> What to produce
Your task is to copy the stretch of lines in the records below that begins with the line containing "7FAM Sz 28 Vintage" and ends with the line containing "Topographic Map of Cement, GA", exactly as written, with nothing added.

Segment Start: Extracted entries

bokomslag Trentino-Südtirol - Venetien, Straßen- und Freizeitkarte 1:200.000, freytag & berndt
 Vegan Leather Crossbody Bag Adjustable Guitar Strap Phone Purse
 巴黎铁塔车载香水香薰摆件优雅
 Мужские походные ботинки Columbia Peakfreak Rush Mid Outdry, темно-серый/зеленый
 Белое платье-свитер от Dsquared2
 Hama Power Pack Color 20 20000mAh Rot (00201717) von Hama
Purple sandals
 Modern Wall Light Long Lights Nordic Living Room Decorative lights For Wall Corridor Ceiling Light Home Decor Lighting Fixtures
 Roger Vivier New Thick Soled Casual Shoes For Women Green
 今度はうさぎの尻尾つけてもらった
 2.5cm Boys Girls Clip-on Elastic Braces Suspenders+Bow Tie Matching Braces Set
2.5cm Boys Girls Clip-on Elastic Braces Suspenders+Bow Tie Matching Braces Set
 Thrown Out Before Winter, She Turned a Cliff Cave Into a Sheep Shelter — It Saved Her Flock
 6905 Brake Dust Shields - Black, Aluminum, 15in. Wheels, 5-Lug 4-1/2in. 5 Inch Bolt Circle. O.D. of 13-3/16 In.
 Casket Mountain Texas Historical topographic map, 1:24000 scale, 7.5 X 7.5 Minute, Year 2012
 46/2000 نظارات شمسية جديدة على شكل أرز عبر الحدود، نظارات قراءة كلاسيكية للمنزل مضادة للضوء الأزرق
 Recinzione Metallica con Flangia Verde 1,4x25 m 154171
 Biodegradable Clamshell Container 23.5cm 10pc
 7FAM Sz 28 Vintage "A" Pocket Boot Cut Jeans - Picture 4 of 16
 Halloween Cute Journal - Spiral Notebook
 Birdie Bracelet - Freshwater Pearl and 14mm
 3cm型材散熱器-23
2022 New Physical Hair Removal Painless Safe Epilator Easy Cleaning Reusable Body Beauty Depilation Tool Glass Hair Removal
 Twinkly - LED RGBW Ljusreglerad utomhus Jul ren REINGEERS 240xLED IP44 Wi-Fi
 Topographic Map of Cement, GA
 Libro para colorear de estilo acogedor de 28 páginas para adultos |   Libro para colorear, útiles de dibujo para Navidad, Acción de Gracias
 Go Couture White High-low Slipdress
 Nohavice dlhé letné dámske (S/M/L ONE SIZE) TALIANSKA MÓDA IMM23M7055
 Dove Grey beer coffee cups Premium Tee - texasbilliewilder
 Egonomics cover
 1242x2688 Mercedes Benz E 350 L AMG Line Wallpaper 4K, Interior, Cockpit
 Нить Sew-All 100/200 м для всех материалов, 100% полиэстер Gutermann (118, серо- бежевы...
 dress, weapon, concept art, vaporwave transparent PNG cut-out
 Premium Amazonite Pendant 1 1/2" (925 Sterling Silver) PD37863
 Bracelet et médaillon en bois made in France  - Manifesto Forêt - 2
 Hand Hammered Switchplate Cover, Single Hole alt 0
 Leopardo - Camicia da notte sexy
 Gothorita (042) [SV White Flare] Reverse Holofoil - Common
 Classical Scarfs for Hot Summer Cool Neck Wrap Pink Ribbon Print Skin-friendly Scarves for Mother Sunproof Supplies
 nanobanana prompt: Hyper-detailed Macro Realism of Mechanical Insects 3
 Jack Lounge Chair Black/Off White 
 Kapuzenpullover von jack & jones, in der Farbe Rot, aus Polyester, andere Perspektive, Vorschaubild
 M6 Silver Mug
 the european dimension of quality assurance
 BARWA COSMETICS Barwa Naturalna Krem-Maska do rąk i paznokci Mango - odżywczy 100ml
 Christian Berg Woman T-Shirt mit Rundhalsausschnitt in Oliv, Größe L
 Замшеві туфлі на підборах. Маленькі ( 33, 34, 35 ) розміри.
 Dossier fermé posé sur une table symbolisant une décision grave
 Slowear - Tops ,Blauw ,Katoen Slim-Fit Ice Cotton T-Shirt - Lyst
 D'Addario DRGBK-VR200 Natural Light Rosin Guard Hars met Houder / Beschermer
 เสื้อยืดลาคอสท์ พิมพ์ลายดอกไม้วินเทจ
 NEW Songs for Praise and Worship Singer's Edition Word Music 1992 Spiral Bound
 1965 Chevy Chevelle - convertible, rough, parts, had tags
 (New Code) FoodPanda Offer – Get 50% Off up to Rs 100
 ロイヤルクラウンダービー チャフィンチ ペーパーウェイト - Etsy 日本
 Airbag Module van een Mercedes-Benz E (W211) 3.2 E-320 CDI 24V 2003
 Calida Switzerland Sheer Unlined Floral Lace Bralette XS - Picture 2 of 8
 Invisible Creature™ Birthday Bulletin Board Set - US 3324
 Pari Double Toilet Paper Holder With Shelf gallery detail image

Segment End: Extracted entries

> Answer for the task
 7FAM Sz 28 Vintage "A" Pocket Boot Cut Jeans - Picture 4 of 16
 Halloween Cute Journal - Spiral Notebook
 Birdie Bracelet - Freshwater Pearl and 14mm
 3cm型材散熱器-23
2022 New Physical Hair Removal Painless Safe Epilator Easy Cleaning Reusable Body Beauty Depilation Tool Glass Hair Removal
 Twinkly - LED RGBW Ljusreglerad utomhus Jul ren REINGEERS 240xLED IP44 Wi-Fi
 Topographic Map of Cement, GA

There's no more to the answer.